Robomotion trains a Unitree G1 humanoid to mimic table tennis motion-capture trajectories using GPU-accelerated reinforcement learning — then exports the policy to run on real hardware.
Trained Policy
Three runs of the G1 humanoid tracking reference trajectories in simulation, trained entirely on GPU.
How It Works
The system starts with raw motion-capture recordings of human table tennis strokes. A quality filter removes noisy or physically implausible clips before they ever touch training, keeping only smooth, in-limit trajectories.
The robot then learns to reproduce these motions in a physics simulator, guided by a reward signal that penalizes deviation from the reference pose at every timestep.
Robustness
Training with domain randomization exposes the robot to a range of physics conditions — varied joint friction, link masses, center-of-mass offsets, and motor armature — so the policy generalizes beyond the exact simulator it was trained in.
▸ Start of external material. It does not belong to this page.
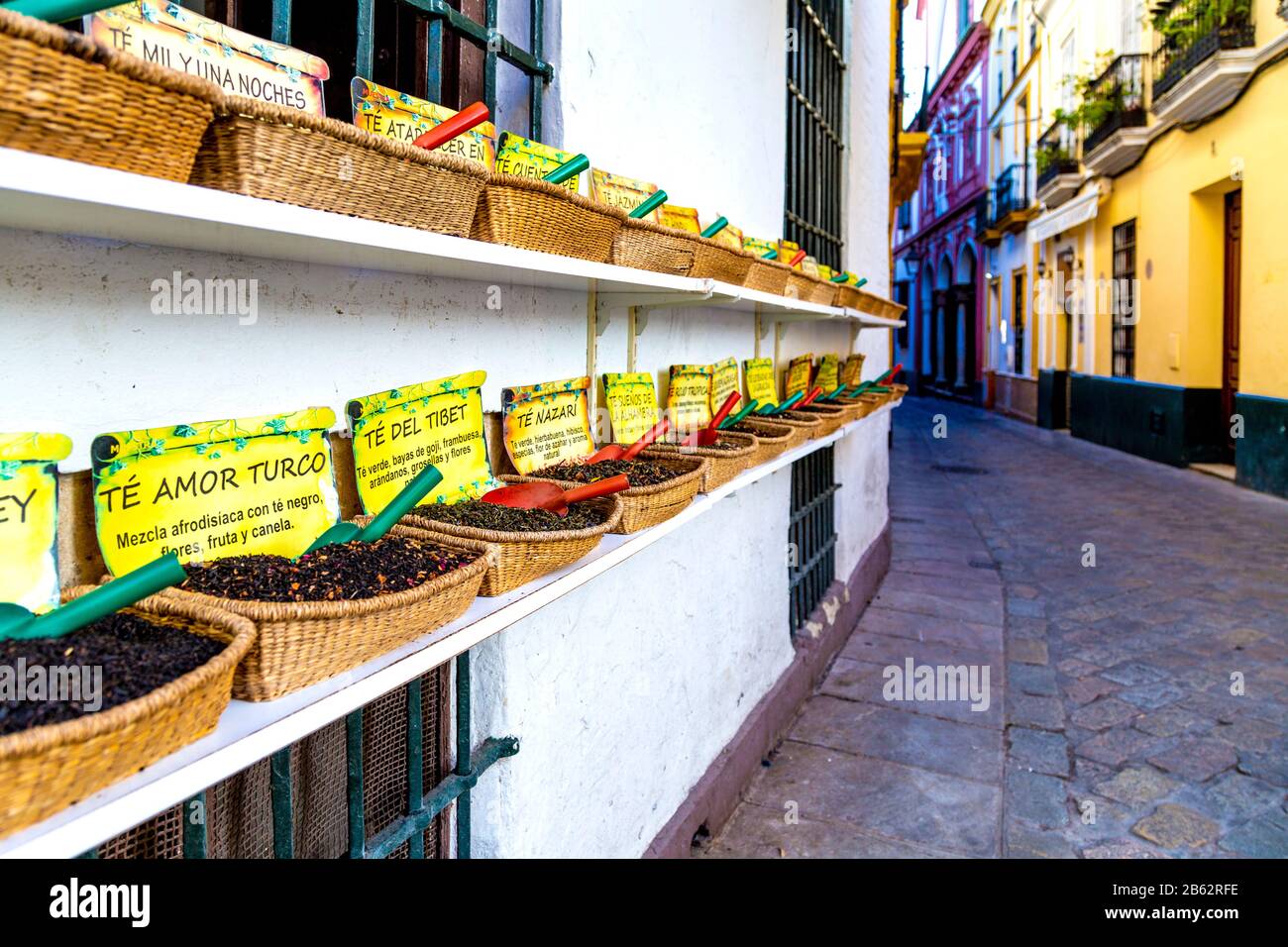 Außenhülle mit Körben voller lockerer Tees im Herbolario Esencias de Sevilla Tee- und Gewürzgeschäft in Sevilla, Spanien Stockfoto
The result is a controller that handles the inherent gap between simulation and the real world without hand-tuned adaptation.
Read the code →Under the Hood
A full end-to-end stack from raw motion data to a deployable robot policy.
MuJoCo MJX runs thousands of environments simultaneously on GPU. JAX's vmap vectorizes the physics step across the entire batch with no Python loops.
Proximal Policy Optimization trains a neural network to track reference joint trajectories frame-by-frame, learning coordinated whole-body control from mocap data.
Physics parameters — link masses, joint friction, center-of-mass offsets, motor armature — are randomized each episode to bridge the sim-to-real gap.
A pre-training scorer evaluates every mocap clip on smoothness (jerk), joint limit compliance, and root height plausibility. Low-quality clips are excluded before training begins.
The trained JAX policy is traced and converted to a portable .onnx file. Inference runs via ONNX Runtime — no JAX or GPU required on the target device.
A configurable monitor tracks reward improvement and halts training when progress stalls — saving GPU hours on runs that have already converged or diverged.